In conversation with Simon Kuper

Franklin Roosevelt had Churchill; JFK had Harold Macmillan; Reagan had Thatcher and George W. Bush had Tony Blair. Since the Anglo-American alliance in WWII, British and American leaders have tried to band together to project their power around the world, with a declining Britain piggy-backing on the US.

But that era seems to be over. Was victory in 1945 a curse or a blessing for the future? Did Churchill’s heroic myth contribute to foolish wars? Did Trump and Brexit mark the end of the Anglo-American order? And will Biden be tough on Brexit Britain?
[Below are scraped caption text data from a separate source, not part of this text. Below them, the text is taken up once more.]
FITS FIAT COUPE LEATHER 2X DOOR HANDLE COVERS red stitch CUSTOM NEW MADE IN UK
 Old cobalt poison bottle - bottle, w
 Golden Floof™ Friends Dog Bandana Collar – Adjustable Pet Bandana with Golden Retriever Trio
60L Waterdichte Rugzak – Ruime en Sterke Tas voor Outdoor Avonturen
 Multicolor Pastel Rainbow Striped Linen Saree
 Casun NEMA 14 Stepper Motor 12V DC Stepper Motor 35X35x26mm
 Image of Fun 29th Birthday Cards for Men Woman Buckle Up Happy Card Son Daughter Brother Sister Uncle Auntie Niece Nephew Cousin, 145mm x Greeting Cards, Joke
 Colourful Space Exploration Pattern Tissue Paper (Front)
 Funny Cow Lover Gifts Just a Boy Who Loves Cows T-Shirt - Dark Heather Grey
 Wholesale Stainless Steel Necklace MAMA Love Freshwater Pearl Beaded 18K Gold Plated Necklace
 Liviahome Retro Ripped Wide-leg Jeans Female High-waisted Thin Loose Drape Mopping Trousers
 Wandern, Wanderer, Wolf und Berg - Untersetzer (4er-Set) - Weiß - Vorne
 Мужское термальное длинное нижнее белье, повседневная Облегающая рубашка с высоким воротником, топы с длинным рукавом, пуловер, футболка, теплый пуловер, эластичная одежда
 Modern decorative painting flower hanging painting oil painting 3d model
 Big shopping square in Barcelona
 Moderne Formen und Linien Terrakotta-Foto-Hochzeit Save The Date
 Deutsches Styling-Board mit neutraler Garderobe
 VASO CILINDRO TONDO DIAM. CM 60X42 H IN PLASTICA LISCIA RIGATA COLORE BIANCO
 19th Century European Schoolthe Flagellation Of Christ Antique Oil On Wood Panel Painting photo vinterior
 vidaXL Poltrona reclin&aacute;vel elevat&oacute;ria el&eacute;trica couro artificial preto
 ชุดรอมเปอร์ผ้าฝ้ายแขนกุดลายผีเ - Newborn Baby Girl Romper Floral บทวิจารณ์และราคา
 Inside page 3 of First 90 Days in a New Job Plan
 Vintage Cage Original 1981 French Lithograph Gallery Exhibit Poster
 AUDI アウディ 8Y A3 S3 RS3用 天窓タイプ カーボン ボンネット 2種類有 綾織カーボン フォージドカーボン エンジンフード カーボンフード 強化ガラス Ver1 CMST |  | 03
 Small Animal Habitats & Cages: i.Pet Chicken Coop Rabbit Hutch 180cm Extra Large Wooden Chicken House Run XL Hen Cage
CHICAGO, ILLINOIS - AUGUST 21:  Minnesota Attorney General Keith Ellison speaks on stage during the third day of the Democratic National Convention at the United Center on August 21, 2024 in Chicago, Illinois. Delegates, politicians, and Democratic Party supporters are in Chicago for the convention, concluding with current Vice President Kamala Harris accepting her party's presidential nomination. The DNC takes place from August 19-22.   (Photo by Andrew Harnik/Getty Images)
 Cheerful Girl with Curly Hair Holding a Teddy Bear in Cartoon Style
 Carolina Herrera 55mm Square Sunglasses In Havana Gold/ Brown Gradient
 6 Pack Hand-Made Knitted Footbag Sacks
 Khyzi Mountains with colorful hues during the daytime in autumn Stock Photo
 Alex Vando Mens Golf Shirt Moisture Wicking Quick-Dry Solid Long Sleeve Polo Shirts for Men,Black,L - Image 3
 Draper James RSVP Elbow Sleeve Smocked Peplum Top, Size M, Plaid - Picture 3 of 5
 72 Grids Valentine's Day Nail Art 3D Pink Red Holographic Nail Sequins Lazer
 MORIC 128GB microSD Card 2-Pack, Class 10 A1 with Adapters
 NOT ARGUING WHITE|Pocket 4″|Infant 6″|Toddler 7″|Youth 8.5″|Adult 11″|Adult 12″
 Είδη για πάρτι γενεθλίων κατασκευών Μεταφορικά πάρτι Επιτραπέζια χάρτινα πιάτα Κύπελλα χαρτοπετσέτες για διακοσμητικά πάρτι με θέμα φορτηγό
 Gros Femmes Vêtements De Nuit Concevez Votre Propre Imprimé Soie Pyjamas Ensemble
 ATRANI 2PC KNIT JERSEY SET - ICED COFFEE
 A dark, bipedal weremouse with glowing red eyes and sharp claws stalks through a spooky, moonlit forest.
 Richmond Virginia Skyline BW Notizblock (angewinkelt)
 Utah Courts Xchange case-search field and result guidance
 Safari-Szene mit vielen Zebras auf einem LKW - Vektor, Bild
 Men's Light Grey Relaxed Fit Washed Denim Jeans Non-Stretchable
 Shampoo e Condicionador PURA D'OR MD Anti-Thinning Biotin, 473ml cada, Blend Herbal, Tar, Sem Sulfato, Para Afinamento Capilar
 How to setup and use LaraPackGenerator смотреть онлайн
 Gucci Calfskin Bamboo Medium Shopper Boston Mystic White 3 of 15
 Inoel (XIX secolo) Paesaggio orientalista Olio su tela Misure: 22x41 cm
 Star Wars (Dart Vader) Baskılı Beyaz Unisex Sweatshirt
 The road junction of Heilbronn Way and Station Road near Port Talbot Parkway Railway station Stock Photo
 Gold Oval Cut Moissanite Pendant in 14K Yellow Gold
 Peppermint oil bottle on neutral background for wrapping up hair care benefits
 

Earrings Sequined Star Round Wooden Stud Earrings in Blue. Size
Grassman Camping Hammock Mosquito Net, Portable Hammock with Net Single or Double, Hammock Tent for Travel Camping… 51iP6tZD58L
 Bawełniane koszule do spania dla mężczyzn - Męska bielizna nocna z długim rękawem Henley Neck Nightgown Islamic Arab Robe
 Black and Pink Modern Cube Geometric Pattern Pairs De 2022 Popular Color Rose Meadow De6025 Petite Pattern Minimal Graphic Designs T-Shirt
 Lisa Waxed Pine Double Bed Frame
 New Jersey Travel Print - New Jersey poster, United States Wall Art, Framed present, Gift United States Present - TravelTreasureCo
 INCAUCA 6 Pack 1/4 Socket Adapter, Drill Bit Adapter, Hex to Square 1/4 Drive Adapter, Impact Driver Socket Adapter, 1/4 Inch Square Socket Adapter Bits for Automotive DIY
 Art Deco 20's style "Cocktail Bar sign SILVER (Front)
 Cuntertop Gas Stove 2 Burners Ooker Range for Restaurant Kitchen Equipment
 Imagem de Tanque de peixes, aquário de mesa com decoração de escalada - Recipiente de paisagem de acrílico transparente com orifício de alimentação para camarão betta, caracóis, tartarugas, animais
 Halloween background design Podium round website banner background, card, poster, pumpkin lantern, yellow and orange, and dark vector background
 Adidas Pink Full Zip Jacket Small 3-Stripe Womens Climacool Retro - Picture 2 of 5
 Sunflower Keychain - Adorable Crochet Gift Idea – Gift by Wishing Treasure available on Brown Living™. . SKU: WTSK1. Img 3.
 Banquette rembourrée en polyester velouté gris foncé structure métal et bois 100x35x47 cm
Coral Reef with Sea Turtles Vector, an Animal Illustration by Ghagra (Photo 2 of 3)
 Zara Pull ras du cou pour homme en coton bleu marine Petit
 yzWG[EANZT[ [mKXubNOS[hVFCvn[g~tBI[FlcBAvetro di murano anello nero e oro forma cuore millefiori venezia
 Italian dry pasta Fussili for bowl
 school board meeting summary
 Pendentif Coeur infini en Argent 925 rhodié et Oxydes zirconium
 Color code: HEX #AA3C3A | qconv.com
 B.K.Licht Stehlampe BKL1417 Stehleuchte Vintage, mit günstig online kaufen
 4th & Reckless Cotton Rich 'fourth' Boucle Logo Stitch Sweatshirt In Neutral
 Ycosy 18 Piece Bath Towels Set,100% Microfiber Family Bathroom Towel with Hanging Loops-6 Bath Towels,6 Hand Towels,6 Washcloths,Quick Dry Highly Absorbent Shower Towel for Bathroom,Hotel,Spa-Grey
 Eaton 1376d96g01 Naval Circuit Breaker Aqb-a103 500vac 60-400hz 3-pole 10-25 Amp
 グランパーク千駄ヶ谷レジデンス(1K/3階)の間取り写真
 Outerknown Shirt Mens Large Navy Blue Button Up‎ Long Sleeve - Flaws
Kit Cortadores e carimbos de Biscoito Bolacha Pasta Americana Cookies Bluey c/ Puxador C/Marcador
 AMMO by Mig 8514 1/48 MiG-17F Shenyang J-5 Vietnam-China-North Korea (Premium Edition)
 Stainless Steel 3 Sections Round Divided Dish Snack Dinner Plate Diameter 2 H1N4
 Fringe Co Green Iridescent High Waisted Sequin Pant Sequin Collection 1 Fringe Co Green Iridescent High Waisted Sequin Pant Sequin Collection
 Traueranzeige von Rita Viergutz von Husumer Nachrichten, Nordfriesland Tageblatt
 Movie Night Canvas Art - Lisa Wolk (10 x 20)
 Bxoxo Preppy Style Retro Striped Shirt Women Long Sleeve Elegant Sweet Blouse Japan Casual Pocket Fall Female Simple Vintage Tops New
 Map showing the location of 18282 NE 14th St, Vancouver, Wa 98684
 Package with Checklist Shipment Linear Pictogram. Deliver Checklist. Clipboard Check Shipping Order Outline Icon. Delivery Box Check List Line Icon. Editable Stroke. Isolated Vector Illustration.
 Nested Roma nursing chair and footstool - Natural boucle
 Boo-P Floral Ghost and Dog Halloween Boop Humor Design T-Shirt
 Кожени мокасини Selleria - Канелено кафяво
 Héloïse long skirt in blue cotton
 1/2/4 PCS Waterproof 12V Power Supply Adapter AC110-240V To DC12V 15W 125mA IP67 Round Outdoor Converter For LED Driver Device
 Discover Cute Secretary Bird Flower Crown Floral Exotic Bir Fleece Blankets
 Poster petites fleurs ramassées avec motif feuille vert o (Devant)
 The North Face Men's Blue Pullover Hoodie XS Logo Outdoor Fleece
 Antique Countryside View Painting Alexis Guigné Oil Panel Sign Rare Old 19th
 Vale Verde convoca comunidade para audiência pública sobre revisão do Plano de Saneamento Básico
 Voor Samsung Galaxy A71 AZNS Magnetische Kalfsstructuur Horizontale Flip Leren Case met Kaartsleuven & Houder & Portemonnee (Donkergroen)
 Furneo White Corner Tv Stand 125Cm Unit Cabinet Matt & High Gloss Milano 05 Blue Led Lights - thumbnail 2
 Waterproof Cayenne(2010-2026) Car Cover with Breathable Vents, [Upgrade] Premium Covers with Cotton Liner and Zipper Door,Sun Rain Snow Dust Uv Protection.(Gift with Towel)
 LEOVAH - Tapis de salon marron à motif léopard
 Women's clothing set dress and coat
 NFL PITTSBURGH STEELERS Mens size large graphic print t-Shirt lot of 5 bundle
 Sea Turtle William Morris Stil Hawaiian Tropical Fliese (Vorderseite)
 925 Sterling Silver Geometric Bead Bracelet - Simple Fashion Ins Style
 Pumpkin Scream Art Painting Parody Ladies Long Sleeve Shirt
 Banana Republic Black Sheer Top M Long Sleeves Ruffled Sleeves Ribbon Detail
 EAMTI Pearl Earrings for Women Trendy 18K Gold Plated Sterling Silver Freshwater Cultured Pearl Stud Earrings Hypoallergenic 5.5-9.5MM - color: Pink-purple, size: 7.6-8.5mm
Ian Buruma is a Dutch-British author whose journalistic career spans the world, from Japan and China through India, most of Europe and the US. His books include The Wages of Guilt, Murder in Amsterdam, Anglomania, Year Zero , Their Promised Land and The Churchill Complex. He was awarded the Erasmus Prize in 2008 and named one of the top 100 global thinkers by Foreign Policy magazine in 2010. He lives in New York, where he teaches at Bard College..

Simon Kuper Is a columnist for the Financial Times.